[[ Available data, beginning ]]

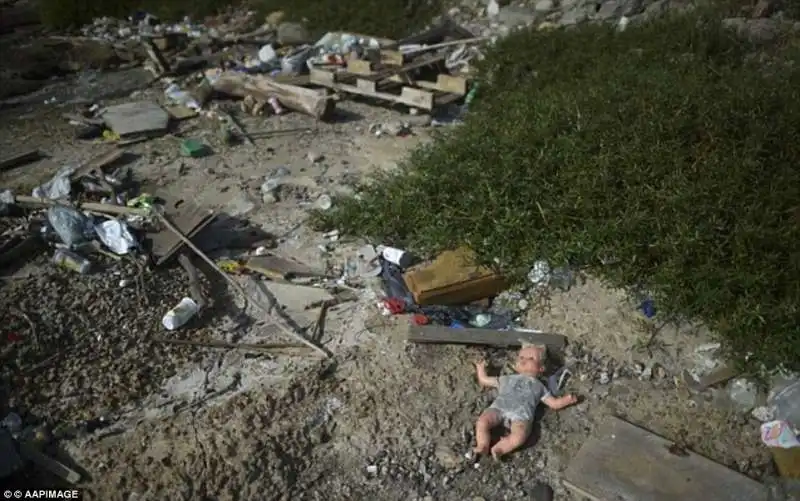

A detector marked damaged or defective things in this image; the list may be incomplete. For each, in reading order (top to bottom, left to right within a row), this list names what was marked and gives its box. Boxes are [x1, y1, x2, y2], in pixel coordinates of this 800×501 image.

broken wooden plank [0, 148, 40, 172]
broken wooden plank [406, 322, 568, 350]
broken wooden plank [564, 414, 768, 500]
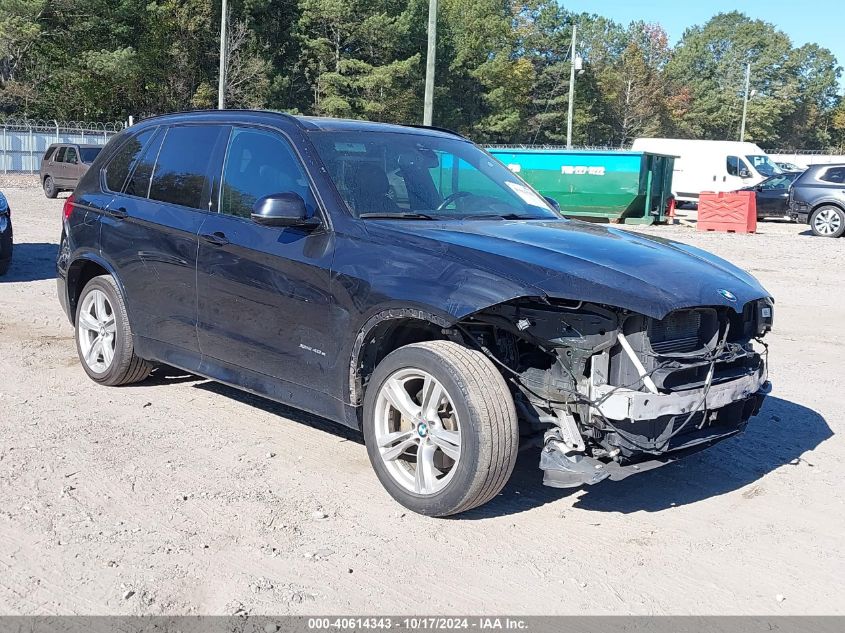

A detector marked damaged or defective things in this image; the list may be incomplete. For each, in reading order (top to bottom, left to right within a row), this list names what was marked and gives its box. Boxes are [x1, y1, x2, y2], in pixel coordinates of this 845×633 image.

damaged black bmw x5 [57, 111, 772, 516]
front-end collision damage [454, 296, 772, 488]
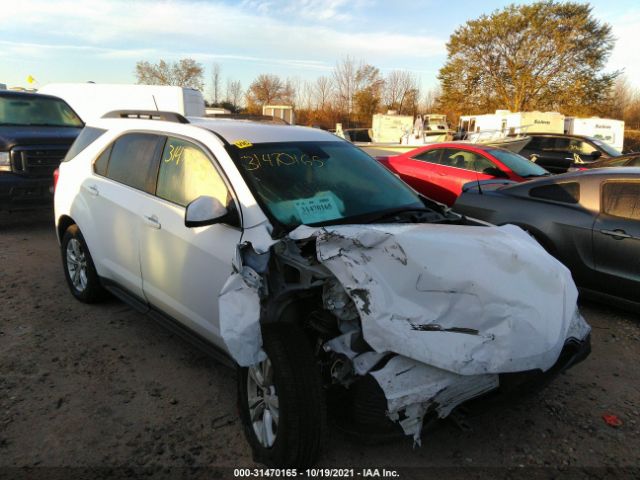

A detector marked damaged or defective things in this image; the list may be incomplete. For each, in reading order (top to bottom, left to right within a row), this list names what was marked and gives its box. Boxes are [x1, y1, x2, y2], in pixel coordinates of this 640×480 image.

damaged white suv [53, 110, 592, 466]
front bumper damage [218, 223, 592, 444]
torn metal panel [370, 356, 500, 442]
crumpled hood [290, 223, 584, 376]
torn metal panel [290, 221, 592, 376]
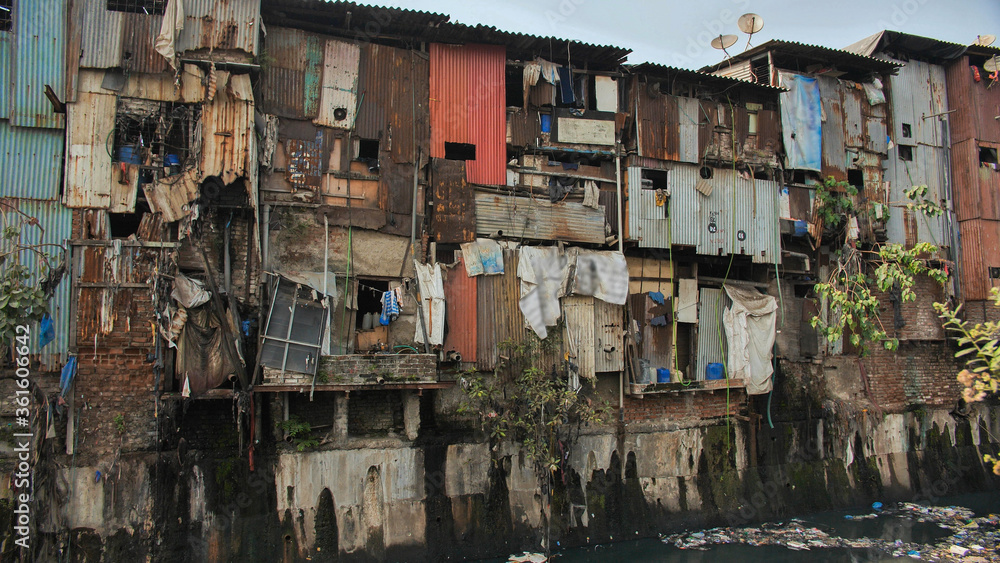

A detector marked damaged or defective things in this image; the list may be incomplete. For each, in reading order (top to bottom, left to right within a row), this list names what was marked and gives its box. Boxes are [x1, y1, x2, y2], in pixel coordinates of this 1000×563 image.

rusty corrugated sheet [9, 0, 66, 128]
rusty corrugated sheet [64, 74, 116, 207]
rusty corrugated sheet [178, 0, 260, 55]
rusty corrugated sheet [200, 71, 254, 186]
rusty corrugated sheet [256, 26, 322, 120]
rusty corrugated sheet [314, 39, 362, 129]
rusty corrugated sheet [430, 44, 508, 185]
rusty corrugated sheet [508, 108, 540, 148]
rusty corrugated sheet [432, 159, 474, 242]
rusty corrugated sheet [474, 193, 604, 243]
rusty corrugated sheet [956, 218, 1000, 302]
rusty corrugated sheet [444, 253, 478, 364]
rusty corrugated sheet [476, 249, 524, 372]
rusty corrugated sheet [564, 296, 592, 384]
rusty corrugated sheet [592, 300, 624, 374]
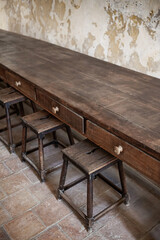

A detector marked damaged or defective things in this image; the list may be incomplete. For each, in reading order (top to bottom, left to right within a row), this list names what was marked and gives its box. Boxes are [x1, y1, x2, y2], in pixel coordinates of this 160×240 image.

peeling plaster wall [0, 0, 159, 77]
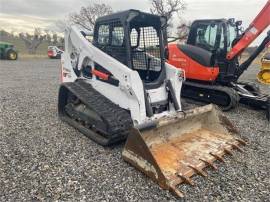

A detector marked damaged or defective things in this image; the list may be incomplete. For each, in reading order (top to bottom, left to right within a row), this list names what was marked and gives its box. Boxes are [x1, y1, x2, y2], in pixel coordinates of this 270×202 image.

rusty bucket surface [122, 105, 245, 196]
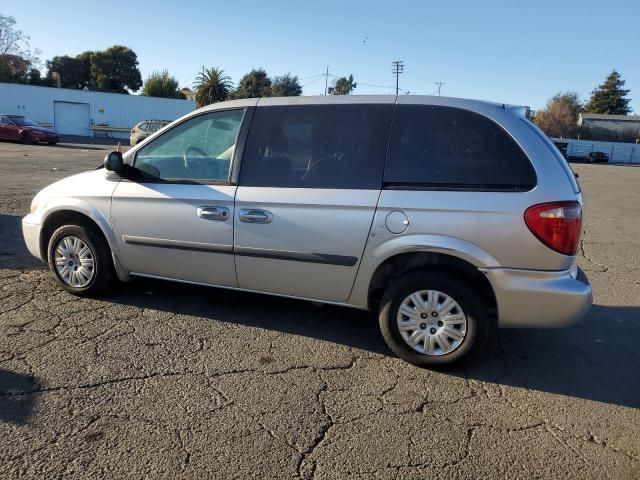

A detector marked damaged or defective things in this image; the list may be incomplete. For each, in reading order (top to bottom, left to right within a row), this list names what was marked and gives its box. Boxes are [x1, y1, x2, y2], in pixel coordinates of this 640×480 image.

cracked asphalt [0, 140, 636, 480]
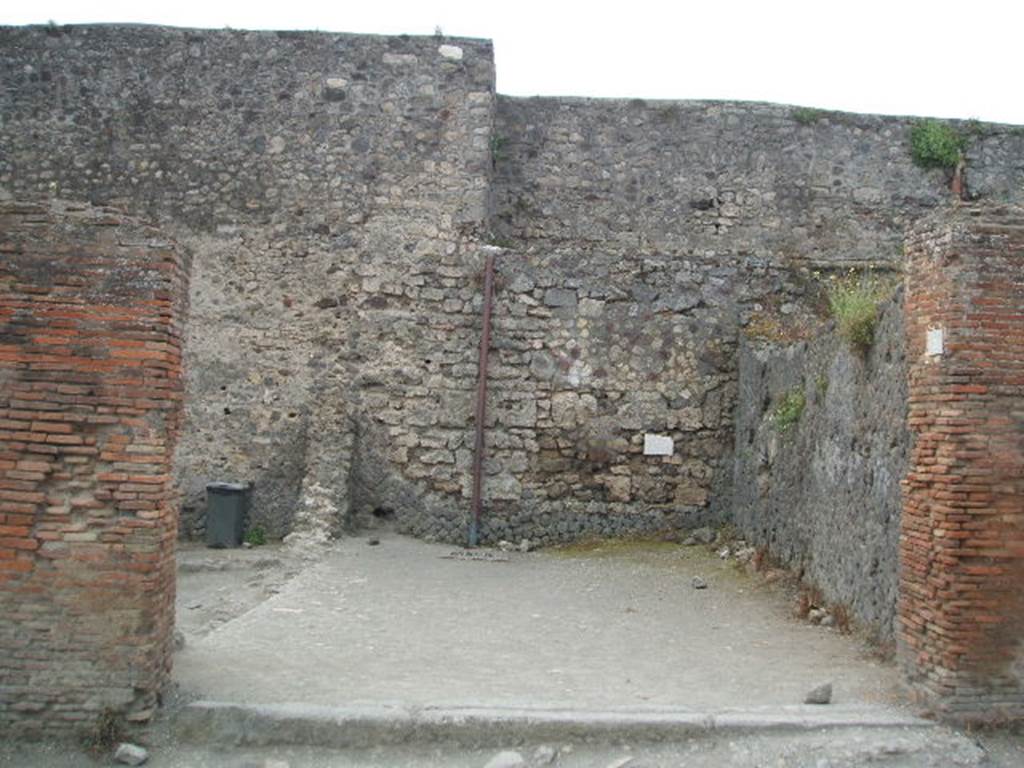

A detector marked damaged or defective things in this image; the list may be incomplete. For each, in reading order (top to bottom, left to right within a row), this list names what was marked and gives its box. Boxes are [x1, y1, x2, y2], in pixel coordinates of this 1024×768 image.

rusty metal pole [468, 252, 495, 548]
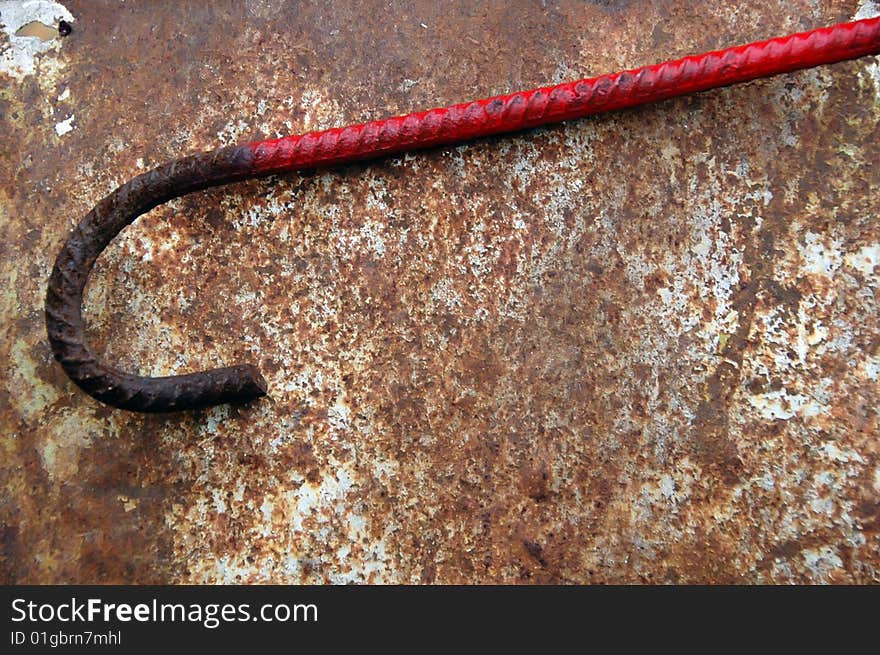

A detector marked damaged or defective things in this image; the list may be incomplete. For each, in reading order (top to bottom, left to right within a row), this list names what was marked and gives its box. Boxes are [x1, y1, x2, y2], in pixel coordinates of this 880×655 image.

red rusty rod [44, 15, 880, 412]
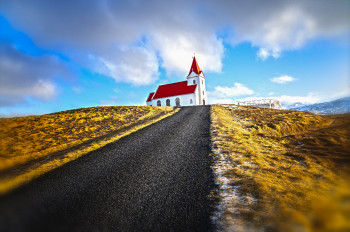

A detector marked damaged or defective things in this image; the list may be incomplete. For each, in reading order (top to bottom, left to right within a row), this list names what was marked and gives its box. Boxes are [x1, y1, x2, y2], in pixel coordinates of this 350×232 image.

cracked asphalt [0, 105, 215, 232]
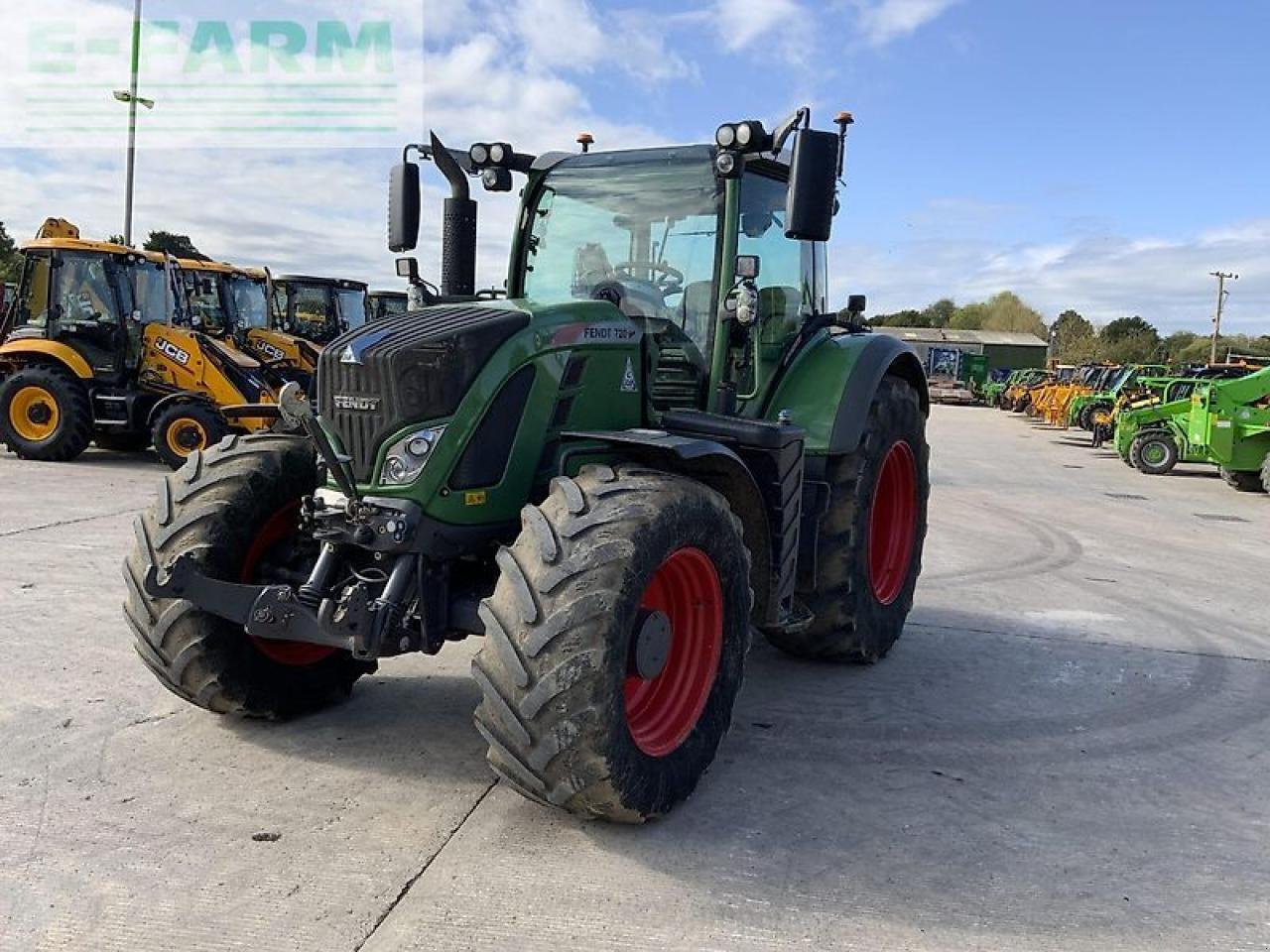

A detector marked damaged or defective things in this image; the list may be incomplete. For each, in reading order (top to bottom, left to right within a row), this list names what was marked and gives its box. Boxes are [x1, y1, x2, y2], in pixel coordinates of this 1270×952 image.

[[ Available data, end ]]

[Exercise]: A verbatim copy is needed of the lines running from the line with "this 350×232 image." to the end of the data above, both included. Keep the pictures out of it.

[Task solution]:
A detector marked damaged or defective things in this image; the list may be incomplete. For each, in reading order (top to bottom, left to right within a row), this list names what was marked and gives its box. Boxes are [x1, y1, x2, y2], in pixel coordinates of this 350×232 image.

cracked asphalt [0, 105, 215, 232]

A detector marked damaged or defective things in this image; the list may be incomplete. For each, in reading order (top to bottom, left to right within a row), this list names what was marked and gives its box. Boxes are [x1, y1, x2, y2], in pixel coordinates of this 1270×952 image.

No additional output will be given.